見出し画像

十二神将を考察する⑨波夷羅(はいら)

リーディングマスター・まさみちです。「見えないものが見えるってどんな感覚なんだろう?」 と、不思議なもの神秘的なものに興味関心があるものの、見えやしないし、感じられもしないし、勘も当てにならないし、オーラなども見えない無感覚人間が、「見えないものがわかるようになった感覚」から、様々なことを識別してみようとすればするほど感覚が研ぎ澄まされていき、不可解な見えない世界にも、道理があり、システムが存在し、物理現象と変わりないことが解るようになりました。そんな感覚の持ち主が仏像の種類について読み解いたものを紹介する記事です。(10/88) 
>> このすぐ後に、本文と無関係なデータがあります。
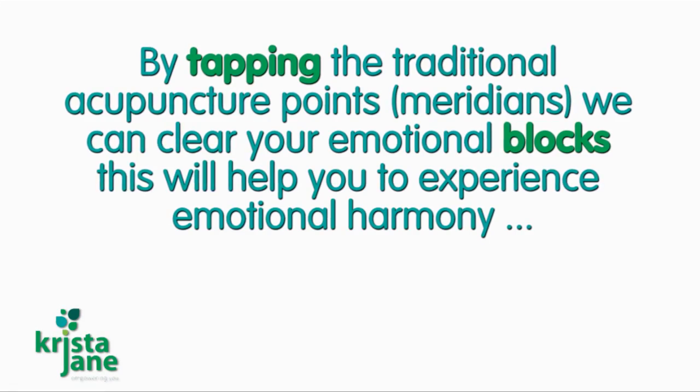What we do is we take the mind and pair it with the energy system, and while tapping these points on our body we're able to shake up the energy and move the blocks in the system. This effectively moves the energy, which changes the way you feel, the way you think, and your whole reality.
薬師如来は、病気治癒(特に目病)、健康長寿、災難除去、安産祈願、現世利益などで知られている如来です。↓

スクリーンショット 2021-03-11 23.48.38

福岡美術館より転載

リーディングマスターとして、薬師如来が伝えることを降ろしてくると「言葉について深く感じ入ることをしてください。伝わる言葉を持ちなさい。知らない言葉を知ることです。知らぬ人に知恵を授けられる人で在りなさい」と、これが出来るなら苦労はしないことを告げてきています。
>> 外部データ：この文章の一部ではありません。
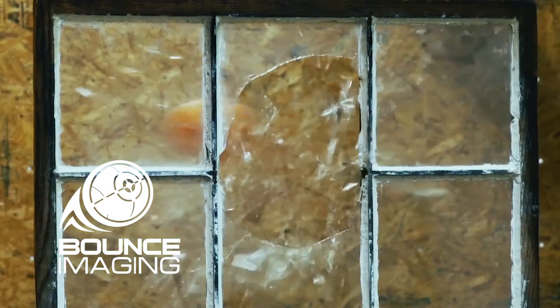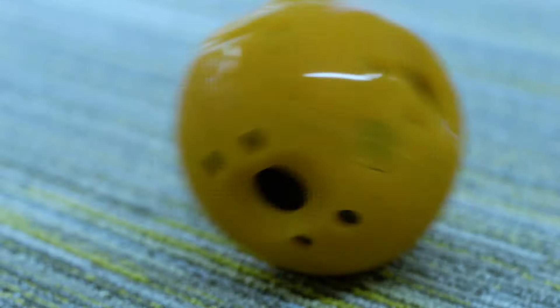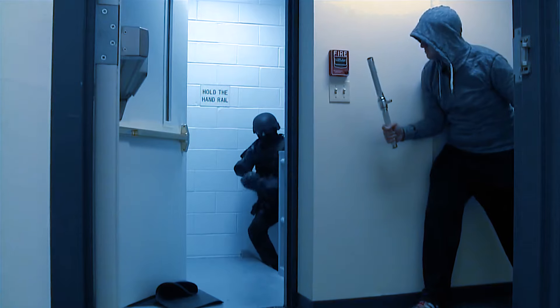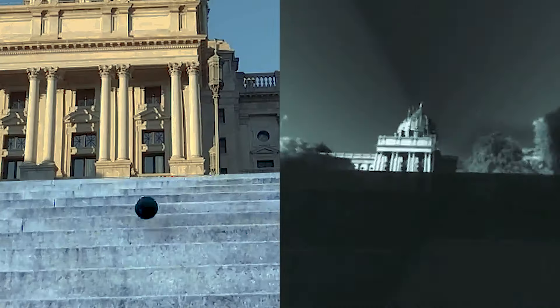This camera can be thrown through a window, tossed downstairs, thrown into a collapsed structure to give first responders an instant 360-degree view of what's going on in a dangerous environment so they don't have to go in there themselves. It provides continuous 360-degree views of what it's seeing, stabilized so even if it bumps around or moves around it keeps a nice steady view.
薬師如来さまは、現世利益の仏さまと認識できますが、真摯に向き合うと、根本的な問いかけを突っ込んで来られる厳しい仏さまでもいます。

九回目は、波夷羅大将(はいらたいしょう)です。

スクリーンショット 2021-03-18 23.36.16

十二神将は、個別では大将と呼び、その中でも夜叉と神明というものがあります。

夜叉とは、人は疑ってかかるべしと、騙されぬように慎重になり、警戒を緩めず、懐に入れず、どこまでも含みを持ち続ける理想を崩せぬエゴエゴな姿。

神明とは、人を信じ、疑念を抱いたその場で確かめ、多様性を主観で受容し、理想で終わらさず現実化へと無為で行為する目覚めた姿。

人と一定の距離を保とうとする心の働きです。

波夷羅大将(はいらたいしょう)は、問題の本質は変化点にあるとし、余所者を受け入れぬ事や、新しい情報を何でも取り入れることの危険性を知り、情報の出所や、内容の正確さなどを吟味し、不快感がなければ受け入れるが、不快感があるなら拒絶し、考察する余地を示そうとしない心の姿です。全ては自分の未熟さが問題を生み出しているとし、改善する為なら誰にでも頭を下げて教えを請い、信頼の中でしか得られない気づきがあるとし、全てに導かれていると信じて生きて行く仏の姿です。

は、永遠に否定して拒み続ける無限ループに入り、どこまで苦しんでも、そこから抜け出す道を見出すことが出来ない狂気の世界がここにあります。

自分にメリットがあることや、好きな人に好かれること、助けて欲しい相手に愛されることさえ拒んでしまう無限ループがある為、どれだけ切実に救助を求めても、助けられる人の手をことごとく払い除けてしまっている自分がいるのです。

これらを超越した気づきを得る為に、薬師如来の十二神将の波夷羅大将に尋ねる必要があるのです。

繋がり方
自分と波夷羅大将と共に、嫌がり、否定し、拒んだことを、嫌がらず、肯定し、受容して見せた時、どんな未来が想像出来るかをゴールにいる薬師如来の眼差しからイメージします。自分と波夷羅大将と共に対話する姿を未来の薬師如来から見つめ、何に恐れていたかを向き合うものです。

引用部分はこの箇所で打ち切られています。